SPECIAL REPORT: Solar energy powers production of heavy oil in California
A 500-kw solar photovoltaic project, Solarmine, provides daytime electricity to Chevron Corp.’s part of Midway-Sunset heavy oil field in California’s San Joaquin Valley.
Chevron is among the largest landowners of numerous companies operating in the field, which produces 13° gravity oil. California statistics indicate the field produced 84.5 million bbl of oil and condensate and 3.3 bcf of natural gas during 2005.
Solarmine is a collaboration of Chevron and an Energy Conversion Devices Inc. (ECD) subsidiary, United Solar Systems Corp. (Uni-Solar). Uni-Solar manufactured the solar panels. Chevron owns 20% of ECD. Texaco Technology Ventures initiated Solarmine before Texaco merged with Chevron.
An array of 4,800 amorphous-silicon solar panels, each about 1.3 ft by 18 ft, are mounted on metal frames facing south. The panels are arranged into 400 strings with each string having 12 panel modules. The array area covers 2.8 acres, and the entire Solarmine complex covers 6 acres.
The project cost, excluding the land, was $4.86 million. Chevron recouped half of that expense with a $2.43 million rebate through its participation in the California Energy Commission Emerging Renewable Buydown Program.

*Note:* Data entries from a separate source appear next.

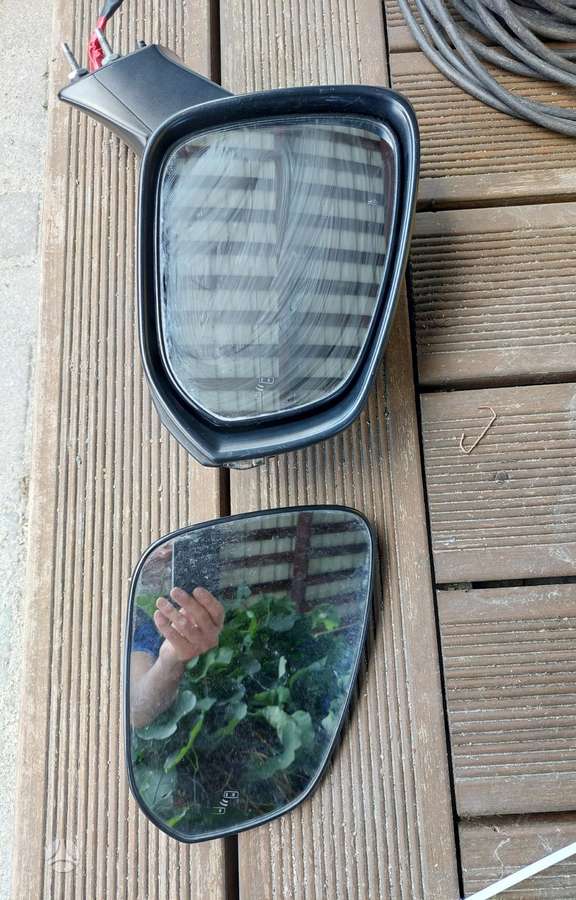 Toyota RAV4 lights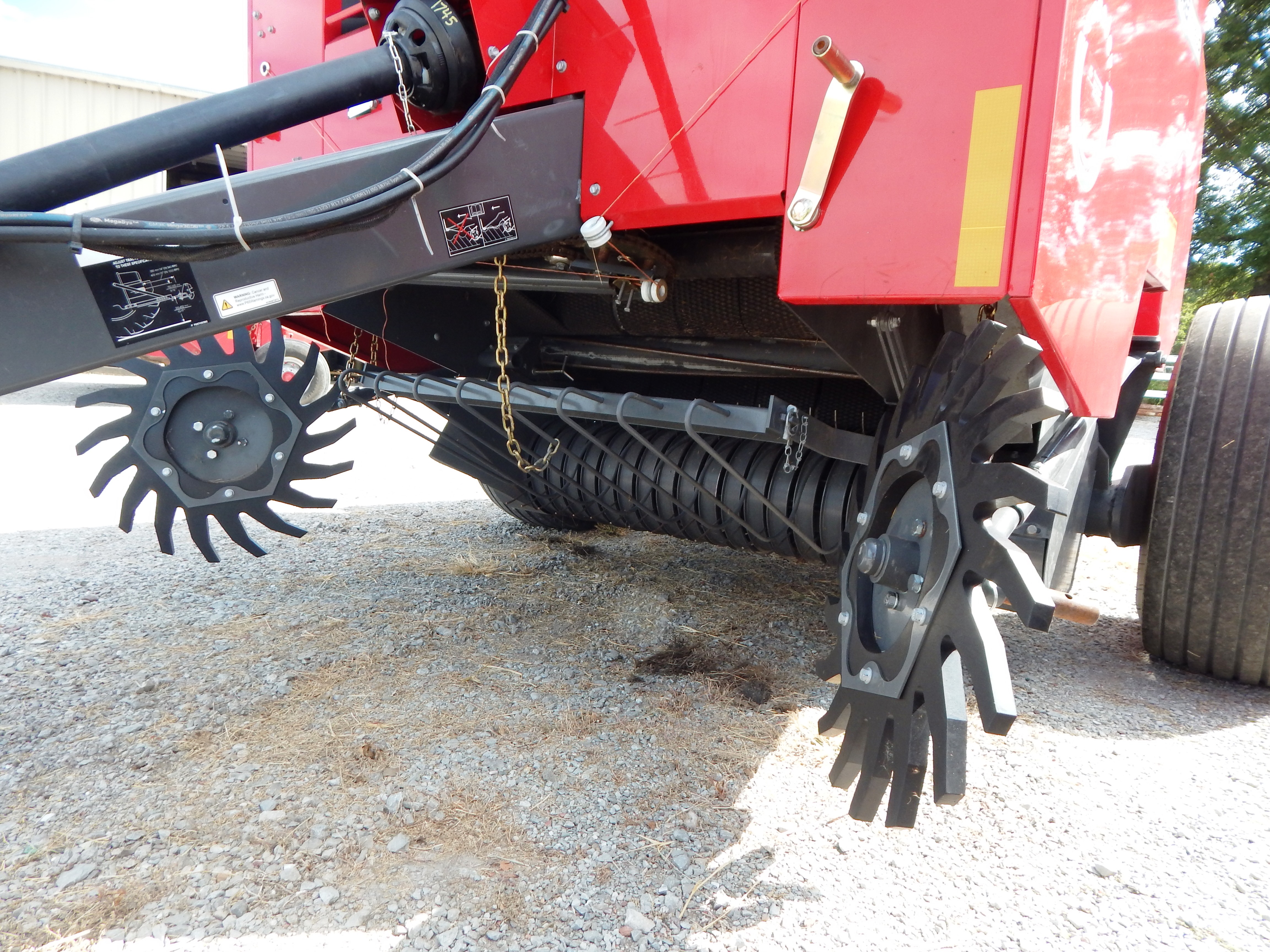 2023 Massey Ferguson 1745D Baler/Round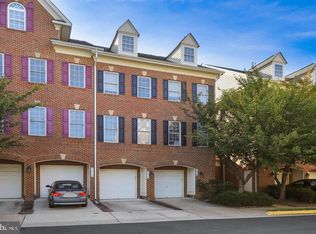 4617 Hummingbird Ln #110, Fairfax, VA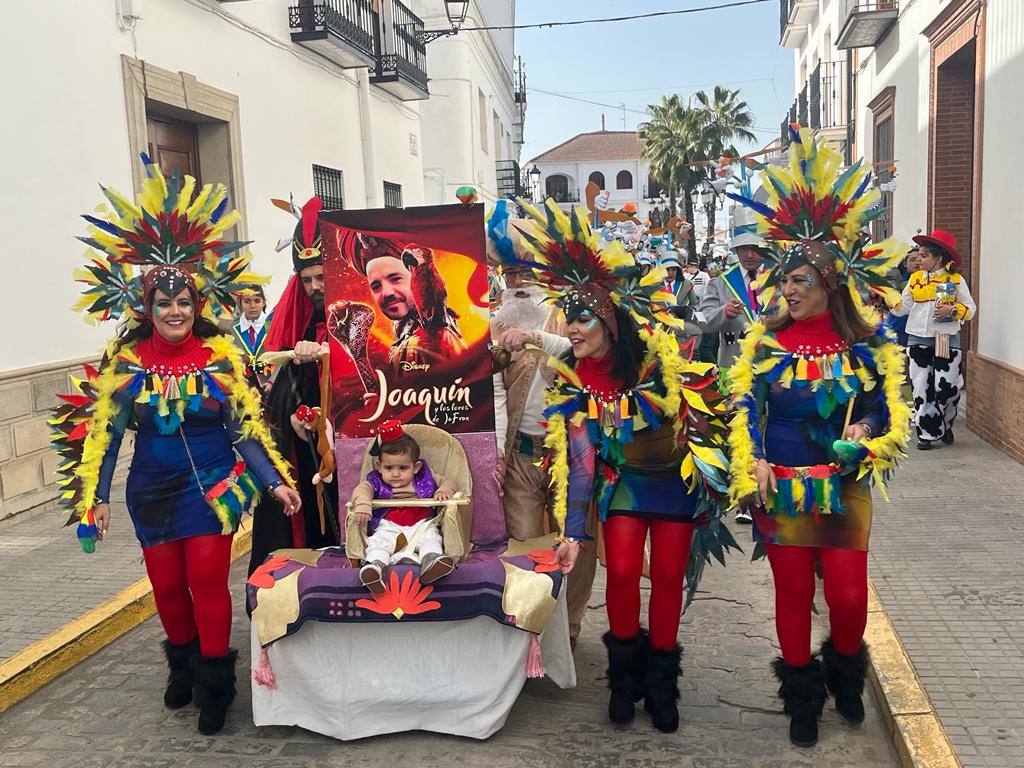 Fotos: Pasacalles de Carnaval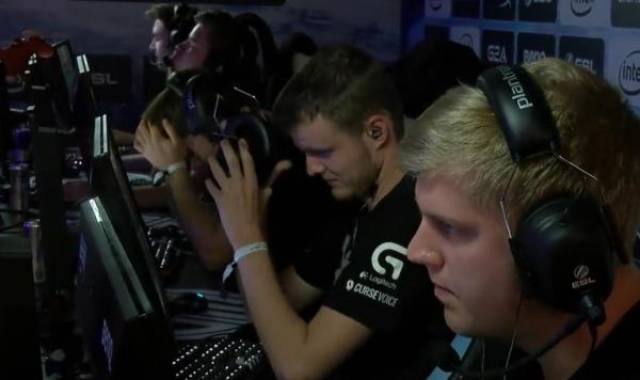 代足球中的 代足球中的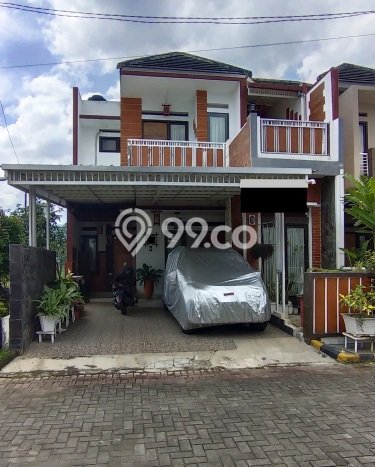 Jual Rumah Bagus Siap Huni LB 200m2 di Arcamanik, Bandung Jual Rumah Bagus Siap Huni LB 200m2 di Arcamanik, Bandung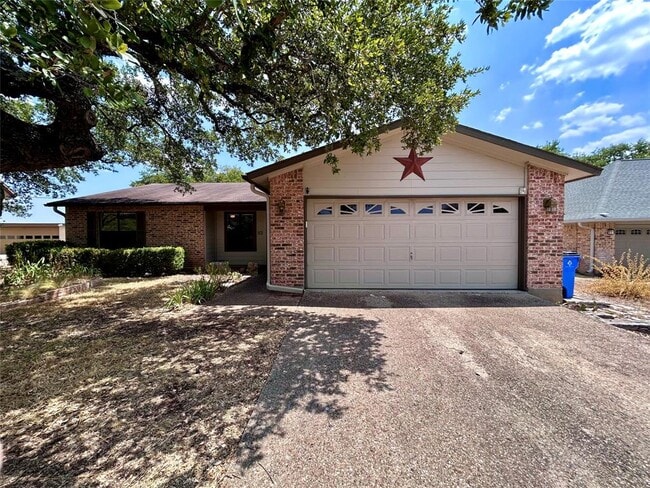 Building Photo - 57 Woodcreek Dr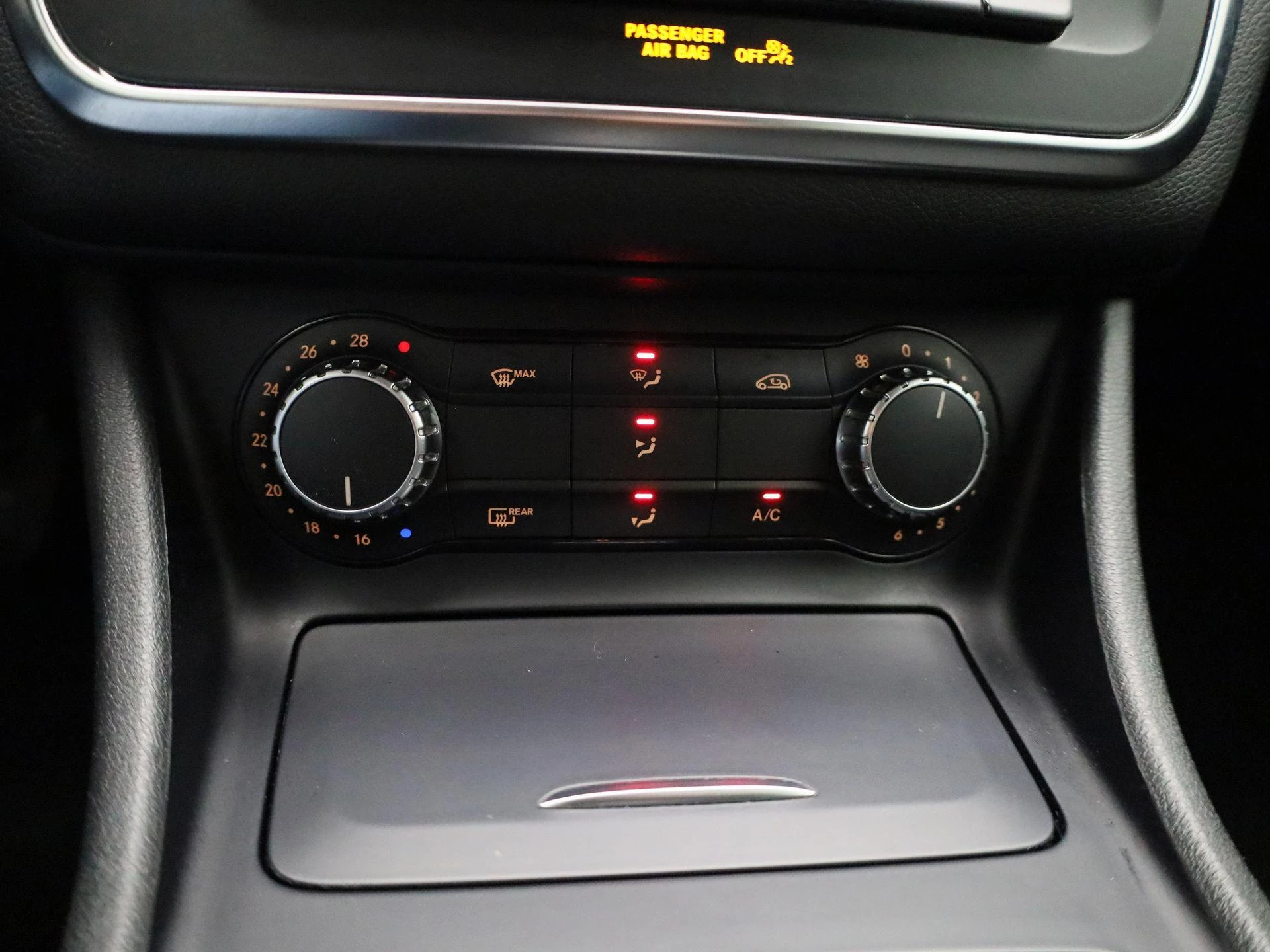 Mercedes-Benz-GLA-image-21
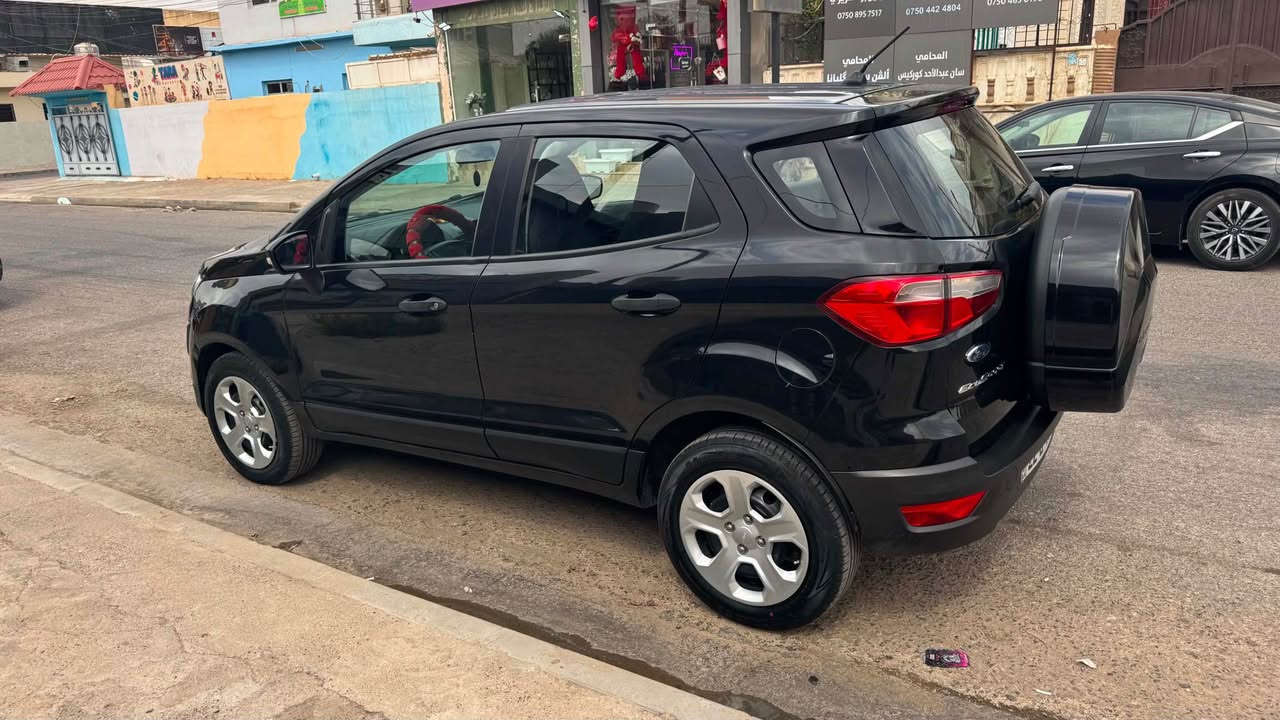 فورد ايكو سبورت 
موديل :2018
ماشيه : 64,000كم
بيها 3 قطعه صبغ بدون دواخل ايرباك شرط
سنويه و هزة جديدة
للاستفسار : *********** أربيل, العراق
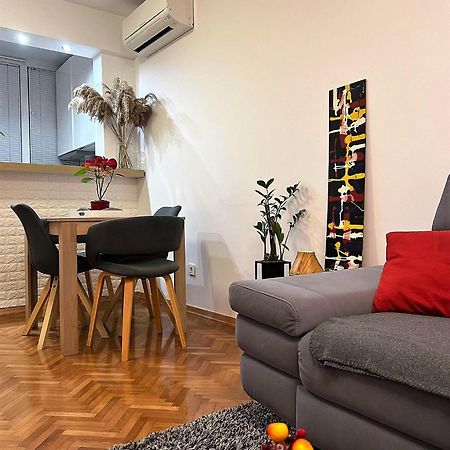 Mm Split Apartment - 5 Min By Car To The Beach & City Center - Free Public Parking 외부 사진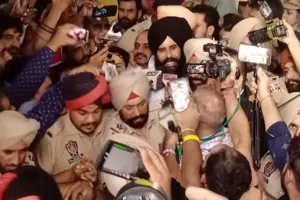 दुष्कर्म मामले में सिमरजीत बैंस ने चार साथियों सहित कोर्ट में किया आत्मसमर्पण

This aerial photo shows the Solarmine solar project at Midway-Sunset heavy oil field about 40 miles from Bakersfield, Calif. The solar panels provide daytime electricity to the oil field operations. Photo from Chevron Energy Services.
Solarmine, operating since late 2002, has no battery backup or storage. It automatically connects with the local electricity grid at sundown and disconnects at sunrise. The panels begin putting out 80 kw at sunrise and reach a 500-kw peak around midday.
On cloudy days when Solarmine puts out less power, other cogeneration power systems make up the difference and provide sufficient power for field operations.
Inside a Solarmine conversion building, an inverter and an isolation transformer convert direct current from the solar modules to alternating current and step it up to 12,000 v for the field’s power grid.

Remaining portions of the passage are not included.